I'm pretty intrigued by a library that can apparently handle ajax/json updates and content creation. Heh... I thought PHP was only for page generation and had no idea you could purpose it for something like webscraping.
So it should be fun playing with it.
My email's in my profile if you ever want to talk shop.
Changes happen and is why I was employed. But this is mitigated by the fact that most big banks probably have miles of red tape just to deploy a fix for a typo and the smaller banks used off the shelf products that were rarely upgraded and when they were we identified these products and could group banks together that used similar software and so the gathering of data was essentially the same.

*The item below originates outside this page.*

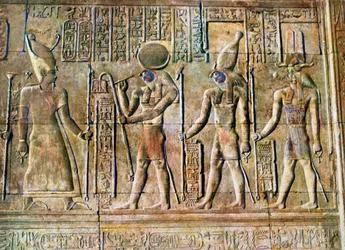 Hieroglyphisches Relief, Tempel von Kom Ombo, Ägypten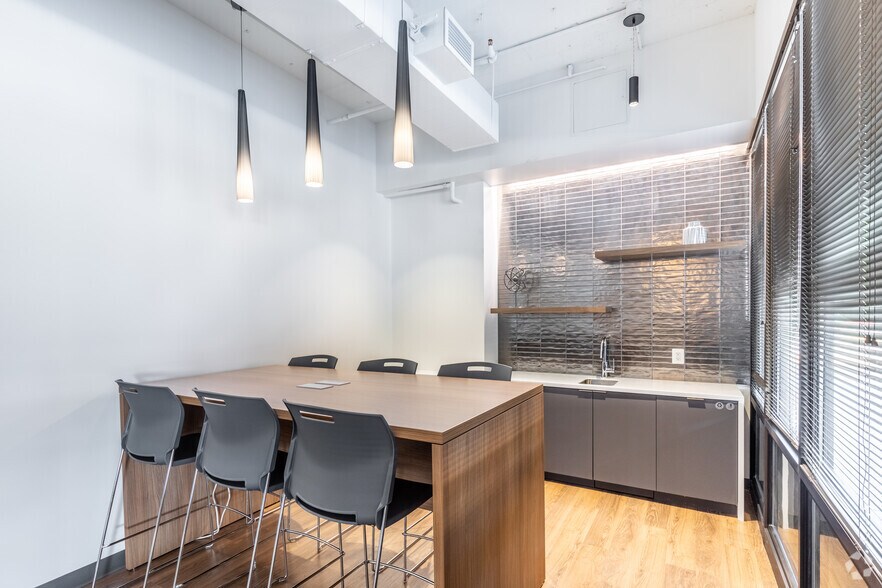 More Photos Of 1945 Old Gallows Rd, Vienna Medical For Lease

edit: we also built and deployed to production every night, so we had no problem keeping up. Sometimes we'd even deploy midday if we felt like a fix needed to go out immediately.
Most "screen scraping" these days is just extracting content from web pages.
1) Write a program that can load webpages as if it was a user of the site.
2) Have it save everything it loads.
3) Write a program that can extract the data you care about out of the html and put it into a more useful format (or into a database or something)
Many languages have libraries for this or you can use a tool like cURL or wget. I do this a lot with perl and the LWP family of modules but the sites I work on don't use javascript or dom manipulation... There's so much javascript and ajax out there now though that I'm not sure if you can scrape those kinds of sites with perl.
Screen scraping means: you write a web crawler which loads up the web page (in this case, takes your bank login user name and password, puts them in the login form on the bank website, pretends to be you and loads up the relevant web pages). Then you write an html parser which grabs the relevant bits from the bank's web page (account balance, number, name, etc.) and stores those bits somewhere useful in the local database.
"Screen Scraping" seems to be a sort of misnomer here. Essentially they are just loading a URL and extracting the information from whatever is returned. Whether that happens intelligently, or if they are just making specific scrapers for each bank, I have no idea.
But basically, 'look for the number in this div region, this is the account balance'.. etc.